How Much Does It Really Cost to Open an NP Practice?
If you have ever tried to budget for the cost to open an NP practice, you have probably noticed something strange. Every answer online is different. Some sources say a few thousand dollars. Others say six figures. Both can be right, depending on the kind of practice you build.
The real cost depends less on a single number and more on the choices you make early. Once you understand which decisions move the budget, you can plan with confidence instead of guessing.
Here is a clearer way to think about what it actually costs to open an NP practice.
Start by Separating Startup Costs From Ongoing Costs
The two get blended together more often than you would think, and that is where most budgeting confusion begins.
Startup costs are one-time expenses to open the doors. Once paid, they are done.
Ongoing costs are the monthly expenses your practice needs to keep running. They continue regardless of how many patients you see.
Keeping the two separate gives you a much more honest picture of what you need to launch and what you need to sustain.
Typical Startup Cost Categories
Most new NP practices spend in the same general buckets, even when the dollar amounts vary widely.

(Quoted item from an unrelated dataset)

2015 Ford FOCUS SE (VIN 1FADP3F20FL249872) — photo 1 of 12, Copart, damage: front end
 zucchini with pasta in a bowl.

- Business formation (entity filing, registered agent, attorney review if you choose one)
- Licensing and credentialing fees (DEA, state licensure, CAQH setup)
- Malpractice insurance, often paid upfront for the year
- EHR setup and onboarding
- Telehealth platform setup if applicable
- Website, domain, and branding
- Business bank account and bookkeeping software
- Initial equipment and supplies
- Office space deposit and any buildout, if applicable
A telehealth-only practice may spend $5,000 to $15,000 to open. A small brick-and-mortar primary care clinic can climb past $100,000 once leases, buildout, and equipment are included. An aesthetic or specialty practice often lands somewhere in between, depending on equipment.
There is no wrong number here. There is only the number that fits the practice you are building.
Typical Ongoing Monthly Costs
Once the doors are open, the monthly stack tends to include:
- Rent and utilities, if you have a physical space
- EHR and telehealth subscriptions
- Malpractice insurance, if paid monthly
- Business insurance and other compliance costs
- Phone service or virtual receptionist
- Software stack (scheduling, payments, communication)
- Marketing
- Bookkeeping and accounting support
Most new practices land somewhere between $500 and $5,000 per month in fixed costs before any growth investment. The wider that range feels, the more important it is to map your own numbers rather than rely on averages.
What Moves Your Budget Up or Down
A few decisions shape the total more than any others.
- Practice model. Telehealth, cash-pay concierge, insurance-based, or aesthetic each carry very different startup needs.
- Urban leases, equipment costs, and licensing fees vary significantly by region and state.
- Scope of services. Procedures, labs, and on-site equipment increase upfront spending quickly.
- Hiring help from day one (attorneys, billing, virtual assistants) costs more early, but it often reduces mistakes that cost more later.
When you understand which of these you are choosing, the budget becomes much easier to plan.
How Much to Have Saved Before You Open
A useful rule of thumb is to plan for your full startup costs plus three to six months of operating expenses in reserve. That gives you a runway while you build a patient base, get credentialed, and wait on insurance reimbursements if you are paneling.
This number is rarely small, but it is rarely as large as the worst-case figures online suggest either. Building a realistic plan around your model usually surprises NPs in a good way.
The real answer to “how much does it cost?” is “it depends on the practice you want to build.” That is not a dodge. It is the most useful thing anyone can tell you. When you know your model, your location, and your timeline, the numbers become specific. And specific numbers are what let you move forward.